The Archbishop of Armagh, the Church of Ireland’s primate, criticized pending radical changes in Northern Ireland’s abortion laws in a joint statement issued September 30 with the senior leaders of the region’s Roman Catholic, Methodist and Presbyterian churches. July legislation passed by the UK Parliament will abolish the current laws, Western Europe’s most restrictive, by October 20, unless the deadlocked Northern Irish Assembly is able to move toward reopening.
The church leaders criticized the lack of a popular mandate for the change: “There is no evidence that these changes reflect the will of the people affected by them, as they were not consulted.” They summon their people to prayer “for the protection of the unborn in our society and also for women facing difficult and challenging pregnancies” during the weekend of October 12-13.
They also exhort regional political leaders to take action: “Our Northern Ireland political parties have it in their own hands to do something about this. They all need to take risks and make the compromises necessary to find an accommodation that will restore the devolved institutions.” Specifically, they urge the Secretary of State for Northern Ireland to call the assembly together before the Westminster law’s October 21 deadline “to provide an opportunity for the parties to take the necessary steps both to prevent these laws coming onto effect and to find a better Northern Ireland solution for these challenging issues.”
Abortion laws, like other forms of health legislation, are “transferred matters” under UK law, devolved to the regional assemblies. The Northern Irish Assembly, known as Stormont, has been unable to form a government since January 2017, when its coalition government broke apart and executive Martin McGuinness resigned under a cloud of scandal. During such lapses in regional governance, which have happened five times since Stormont was established in 1998, the UK Parliament in Westminster may legislate about such transferred matters.
Abortion was legalized in Northern Ireland in 1945, but is only allowed in circumstances when it would save the life of the mother or when the pregnancy poses a risk of serious and permanent damage to the mental or physical health of the mother. Procedures outside these restrictions are criminal offenses. According to a BBC report, from 2017-2018, 44 pregnancies were terminated in Northern Ireland, a region with a population of 2 million. Just over a thousand more Northern Irish women had abortions in other parts of the United Kingdom.
The law passed in Westminster would decriminalize abortion, and allow unrestricted access to the procedure within 28 weeks of conception. It requires the regional government to implement the recommendations of a 2018 report issued by the UN’s Committee on the Elimination of Discrimination Against Women, which rules in favor of permitting abortion in cases of rape, incest and fetal abnormality and legalizing abortion in any circumstances in which a woman’s health would be impaired.

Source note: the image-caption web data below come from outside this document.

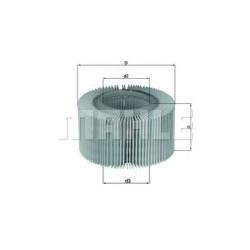 Filter zraka MAHLE LX 578
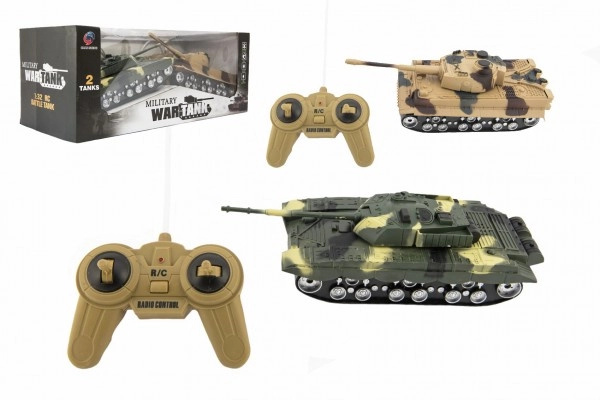 IQ models RC Battle MILITARY War Tank TIGER I & TYPE 99 Main RC_369-23 RTR 1:32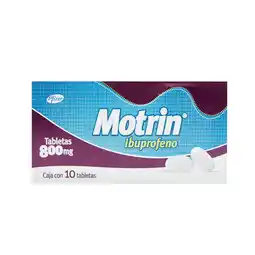 Farmacias YZA Motrin 800mg 10 tabs oferta
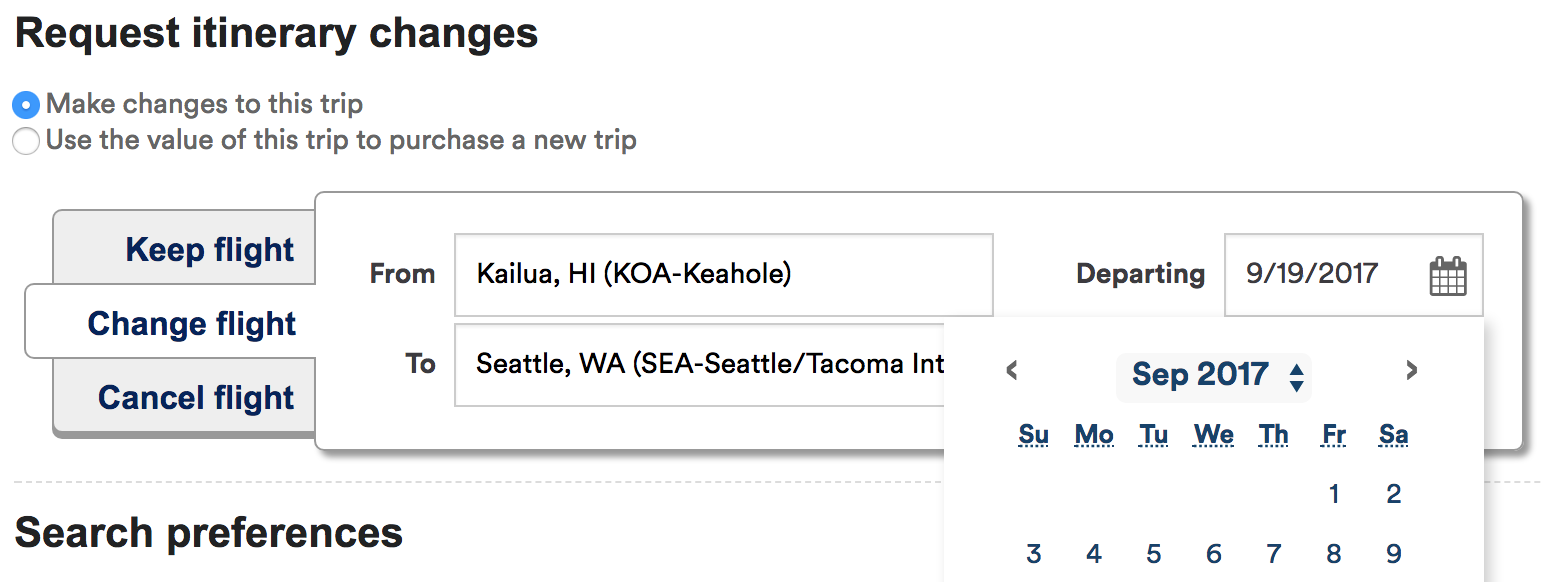 a screenshot of a travel website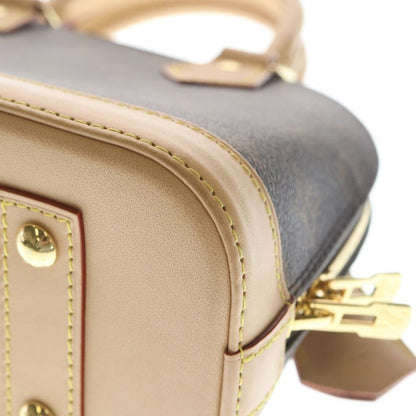 Louis Vuitton Monogram Alma BB 2-Way Shoulder Bag Brown Leather Gold — view 5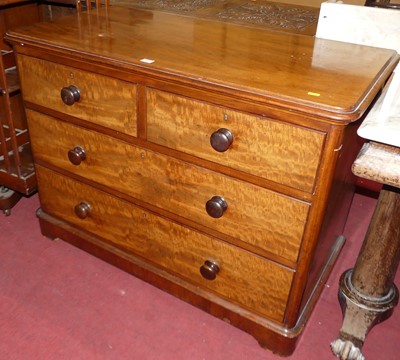 Lot 630 - An early Victorian mahogany round cornered...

The Northern Irish church leaders’ statement notes that the Westminster legislation “offers no specific protection for unborn babies with disability; does not prohibit abortion based on the sex of the baby; [and] creates a potential vacuum of up to five months in Northern Ireland for unregulated abortion to exist with all the attendant health risks to women. The resulting abortion regime would be even less restrictive than the current laws in the Republic of Ireland, where abortion was legalized by popular referendum in May 2015. The Church of Ireland encompasses both the UK’s Northern Ireland and the independent Republic of Ireland.
Archbishop Richard Clarke of Armagh had joined with Archbishop Michael Jackson of Dublin to issue a statement opposing abortion legislation in the Republic of Ireland a few months before the public referendum there. They wrote,” unrestricted access to abortion in the first 12 weeks of pregnancy, or indeed at any stage, is not an ethical position we can accept. There is, for Christians, a very clear witness in the Scriptures that all human life, including before physical birth, has a sacred dignity in the eyes of God”.
“The tradition of the Church of Ireland would reject an unrestricted access to abortion,” they continued, “while being concerned to ensure provision for hopefully rare circumstances and in a secure medical setting. Where individuals draw such a line will inevitably differ. Instances where the life of the woman is at serious risk have long been regarded within Church of Ireland teaching as situations where termination of a pregnancy would be justifiable. For some, pregnancy after sexual crime or the medical certainty of fatal fetal abnormality might also be seen as circumstances where abortion could be considered as justified.”
An October 2018 poll of 1000 Northern Irish adults commissioned by advocacy group Amnesty International found that 65% of people in Northern Ireland believe that abortion should be decriminalized. A slightly larger poll conducted a week later by Com Res, an international research consultancy, found that 64% of people in Northern Ireland, including two-thirds of Northern Irish women believed that any changes to the abortion laws should be made by Stormont and not by Westminster.
Several rounds of talks aimed at forming a government for the Northern Irish Assembly have failed. The majority Democratic Ulster Unionist Party defines itself a pro-life party and opposes decriminalization. The opposition Sinn Fein party supports the Westminster law.